Интересно была решена проблема языкового барьера между нашими и немецкими специалистами. В годы войны на службу в спецорганы НКВД набирались девушки в возрасте 17 лет, которые после интенсивной годичной подготовки в различных спецшколах приобретали хорошее знание немецкого языка, а также осваивали радиодело и получали медицинские навыки. Затем этих «специалисток» забрасывали за линию фронта для ведения разведывательной, диверсионной и другой работы в тылу врага. Однако последние выпуски 1945 года на «невидимый фронт» уже не попали. По инициативе генерал-лейтенанта Судоплатова П.А., отвечавшего за подготовку кадров разведчиков, из оставшихся не у дел девчат были организованы службы, осуществлявшие «чекистское обеспечение» работавших в нашей стране немецких специалистов. С чьей-то лёгкой руки этих девушек в шутку стали называть «немецкими Танечками». В системе подразделений, занимавшихся атомным проектом, работало до полусотни таких очаровательных «Танечек». Примечательно, что даже в специальной ведомственной терминологии весьма секретная задача отечественных спецслужб по обеспечению контроля над немецкими учёными и специалистами и по созданию благоприятных условий для их успешной работы получила кодовое наименование «Немецкая «Танечка». Забегая вперед, отметим, что «эффективность» деятельности наших чаровниц-переводчиц подтвердилась такими цифровыми данными: за неполные десять лет пребывания немцев в «золотой клетке», предоставленной им Советским Союзом для проживания и работы, было заключено 23 советско-германских брака и родились за это время 14 детей [88].
К середине января 1946 года Научно-технический совет, а затем Спецкомитет утвердили планы научно-исследовательских работ немецких учёных. Завенягин А.П. напрямую регулярно и во всех подробностях информировал Берия Л.П. о ходе работ в подчинённых ему подразделениях. Так, например, 10 апреля 1946 года сообщалось, что «группа доктора Риля закончила разработку технологического процесса получения чистого металлического урана на базе опыта германской промышленности». На основе этих данных был подготовлен проект и по нему выстроен завод (опытное производство на заводе № 12), который «в настоящее время освоен на мощность 20 тонн металлического урана в год по сравнению с 10 тоннами, которые он имел до демонтажа в Германии». Экспериментальные результаты позволили спроектировать и построить к 1 июля текущего года большой металлургический завод (промышленное производство на заводе № 12).
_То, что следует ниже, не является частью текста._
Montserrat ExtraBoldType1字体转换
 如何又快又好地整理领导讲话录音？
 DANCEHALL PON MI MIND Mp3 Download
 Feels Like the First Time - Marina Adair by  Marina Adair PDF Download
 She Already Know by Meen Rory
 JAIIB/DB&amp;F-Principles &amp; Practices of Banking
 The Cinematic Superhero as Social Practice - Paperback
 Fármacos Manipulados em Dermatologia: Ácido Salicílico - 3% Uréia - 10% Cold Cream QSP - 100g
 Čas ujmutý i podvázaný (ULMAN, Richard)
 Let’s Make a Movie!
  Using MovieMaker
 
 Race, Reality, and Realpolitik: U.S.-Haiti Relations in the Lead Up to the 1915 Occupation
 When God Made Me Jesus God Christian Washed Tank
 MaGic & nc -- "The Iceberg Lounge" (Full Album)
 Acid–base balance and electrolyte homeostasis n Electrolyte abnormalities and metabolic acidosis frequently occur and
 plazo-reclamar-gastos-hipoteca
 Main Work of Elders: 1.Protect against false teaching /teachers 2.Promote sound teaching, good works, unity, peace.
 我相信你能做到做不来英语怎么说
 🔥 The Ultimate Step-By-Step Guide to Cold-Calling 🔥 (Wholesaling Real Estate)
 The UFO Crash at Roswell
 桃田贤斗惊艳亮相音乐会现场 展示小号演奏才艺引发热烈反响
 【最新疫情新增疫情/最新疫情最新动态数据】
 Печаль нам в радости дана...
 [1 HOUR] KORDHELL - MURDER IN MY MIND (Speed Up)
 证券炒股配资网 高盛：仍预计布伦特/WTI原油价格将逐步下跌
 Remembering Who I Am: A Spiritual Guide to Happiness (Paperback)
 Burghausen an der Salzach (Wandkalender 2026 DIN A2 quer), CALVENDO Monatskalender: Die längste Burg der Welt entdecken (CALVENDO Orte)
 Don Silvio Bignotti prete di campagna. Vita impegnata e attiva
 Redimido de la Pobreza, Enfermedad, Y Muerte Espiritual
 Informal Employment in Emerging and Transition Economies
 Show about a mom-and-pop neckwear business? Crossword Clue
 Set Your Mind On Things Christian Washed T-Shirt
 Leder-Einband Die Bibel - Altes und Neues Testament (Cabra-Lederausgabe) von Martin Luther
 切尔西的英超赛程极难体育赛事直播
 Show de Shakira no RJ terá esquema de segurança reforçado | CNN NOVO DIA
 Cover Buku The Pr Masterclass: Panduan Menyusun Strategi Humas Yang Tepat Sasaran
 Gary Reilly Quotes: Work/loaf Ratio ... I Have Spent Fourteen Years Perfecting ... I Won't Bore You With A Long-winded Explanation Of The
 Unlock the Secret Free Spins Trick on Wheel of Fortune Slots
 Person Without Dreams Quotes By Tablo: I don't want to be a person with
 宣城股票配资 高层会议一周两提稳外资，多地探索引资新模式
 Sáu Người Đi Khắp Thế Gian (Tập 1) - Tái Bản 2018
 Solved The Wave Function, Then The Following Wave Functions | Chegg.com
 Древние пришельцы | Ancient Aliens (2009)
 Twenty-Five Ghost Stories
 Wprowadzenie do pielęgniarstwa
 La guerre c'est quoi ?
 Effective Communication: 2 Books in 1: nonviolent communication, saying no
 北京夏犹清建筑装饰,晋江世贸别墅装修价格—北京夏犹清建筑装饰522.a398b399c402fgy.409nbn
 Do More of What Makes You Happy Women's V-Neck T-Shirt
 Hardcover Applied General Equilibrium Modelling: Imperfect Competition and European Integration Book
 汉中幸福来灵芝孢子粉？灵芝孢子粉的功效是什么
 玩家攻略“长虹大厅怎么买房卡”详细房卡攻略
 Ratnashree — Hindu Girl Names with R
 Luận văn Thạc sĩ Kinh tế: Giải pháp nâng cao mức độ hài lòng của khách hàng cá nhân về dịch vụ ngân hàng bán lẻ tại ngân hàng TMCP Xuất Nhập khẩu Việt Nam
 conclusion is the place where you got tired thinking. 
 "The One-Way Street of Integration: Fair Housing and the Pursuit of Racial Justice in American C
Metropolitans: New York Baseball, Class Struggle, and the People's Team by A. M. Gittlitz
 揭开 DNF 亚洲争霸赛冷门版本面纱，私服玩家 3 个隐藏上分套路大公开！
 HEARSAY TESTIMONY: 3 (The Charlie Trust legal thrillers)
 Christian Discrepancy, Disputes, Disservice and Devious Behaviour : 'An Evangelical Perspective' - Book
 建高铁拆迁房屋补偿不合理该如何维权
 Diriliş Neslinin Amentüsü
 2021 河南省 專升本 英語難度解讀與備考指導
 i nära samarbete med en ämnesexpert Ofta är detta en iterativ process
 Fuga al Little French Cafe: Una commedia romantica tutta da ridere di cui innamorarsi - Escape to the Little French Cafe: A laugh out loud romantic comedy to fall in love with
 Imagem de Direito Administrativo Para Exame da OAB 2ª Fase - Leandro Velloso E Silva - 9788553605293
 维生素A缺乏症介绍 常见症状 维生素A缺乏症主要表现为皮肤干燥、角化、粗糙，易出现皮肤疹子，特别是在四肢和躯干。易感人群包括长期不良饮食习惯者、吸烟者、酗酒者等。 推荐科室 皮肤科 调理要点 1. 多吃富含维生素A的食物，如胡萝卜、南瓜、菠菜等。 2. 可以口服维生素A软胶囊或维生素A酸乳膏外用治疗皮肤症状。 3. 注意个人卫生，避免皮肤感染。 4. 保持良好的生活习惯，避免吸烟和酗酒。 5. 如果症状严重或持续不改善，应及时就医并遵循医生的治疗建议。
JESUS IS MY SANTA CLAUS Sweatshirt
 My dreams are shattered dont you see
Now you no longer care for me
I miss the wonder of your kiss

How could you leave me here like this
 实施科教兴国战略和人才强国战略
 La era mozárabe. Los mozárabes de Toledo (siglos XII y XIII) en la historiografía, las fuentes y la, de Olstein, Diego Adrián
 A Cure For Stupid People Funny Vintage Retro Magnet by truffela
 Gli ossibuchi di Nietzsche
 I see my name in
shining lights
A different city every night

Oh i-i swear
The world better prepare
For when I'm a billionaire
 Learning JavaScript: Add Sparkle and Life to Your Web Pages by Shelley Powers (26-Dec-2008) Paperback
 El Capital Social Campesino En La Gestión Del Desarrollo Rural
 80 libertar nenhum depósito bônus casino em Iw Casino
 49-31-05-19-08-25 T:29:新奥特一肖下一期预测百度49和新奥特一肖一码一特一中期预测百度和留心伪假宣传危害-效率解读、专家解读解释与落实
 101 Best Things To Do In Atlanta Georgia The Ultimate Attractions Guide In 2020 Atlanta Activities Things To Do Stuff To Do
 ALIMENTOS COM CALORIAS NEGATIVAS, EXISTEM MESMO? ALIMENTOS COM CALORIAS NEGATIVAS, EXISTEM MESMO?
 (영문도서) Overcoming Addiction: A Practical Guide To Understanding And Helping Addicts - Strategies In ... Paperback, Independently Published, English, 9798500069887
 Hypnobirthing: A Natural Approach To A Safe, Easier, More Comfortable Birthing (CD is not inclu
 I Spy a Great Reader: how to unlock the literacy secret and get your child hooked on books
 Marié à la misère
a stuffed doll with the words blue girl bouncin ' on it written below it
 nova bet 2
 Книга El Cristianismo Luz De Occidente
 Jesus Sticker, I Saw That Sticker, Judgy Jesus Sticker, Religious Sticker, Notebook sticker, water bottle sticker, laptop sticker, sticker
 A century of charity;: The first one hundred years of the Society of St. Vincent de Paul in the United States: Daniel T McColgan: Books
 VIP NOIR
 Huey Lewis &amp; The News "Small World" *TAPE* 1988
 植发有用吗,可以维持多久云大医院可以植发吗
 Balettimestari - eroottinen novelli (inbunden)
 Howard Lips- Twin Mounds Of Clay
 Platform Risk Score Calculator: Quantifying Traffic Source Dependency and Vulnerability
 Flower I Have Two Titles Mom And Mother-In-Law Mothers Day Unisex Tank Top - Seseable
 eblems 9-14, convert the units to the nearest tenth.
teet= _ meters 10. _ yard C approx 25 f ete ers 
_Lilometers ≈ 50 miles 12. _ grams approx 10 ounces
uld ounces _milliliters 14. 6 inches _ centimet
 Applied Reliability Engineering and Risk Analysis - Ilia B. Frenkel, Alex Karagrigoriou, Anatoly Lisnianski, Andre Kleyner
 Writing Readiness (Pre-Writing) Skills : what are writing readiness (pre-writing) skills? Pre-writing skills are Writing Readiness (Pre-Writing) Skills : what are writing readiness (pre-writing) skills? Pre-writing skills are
10 сентября 1946 года Спецкомитет при СМ СССР обсудил результаты деятельности институтов «А» и «Г» и принял постановление об их работе до конца 1946 года. На «товарищей Круглова и Завенягина» была возложена персональная ответственность за своевременное обеспечение этих институтов недостающим оборудованием и необходимыми материалами. При этом, министру внутренних дел было приказано «изъять из институтов «А» и «Г» и перевести в спецлагерь сотрудников, манкирующих работой (по списку товарищей Первухина, Завенягина и Курчатова)». Кроме того, Первухину М.Г., Круглову С.Н., Курчатову И.В. и Завенягину А.П. поручили оперативно представить в Спецкомитет предложения о кандидатурах на должности заместителей директоров данных институтов [51].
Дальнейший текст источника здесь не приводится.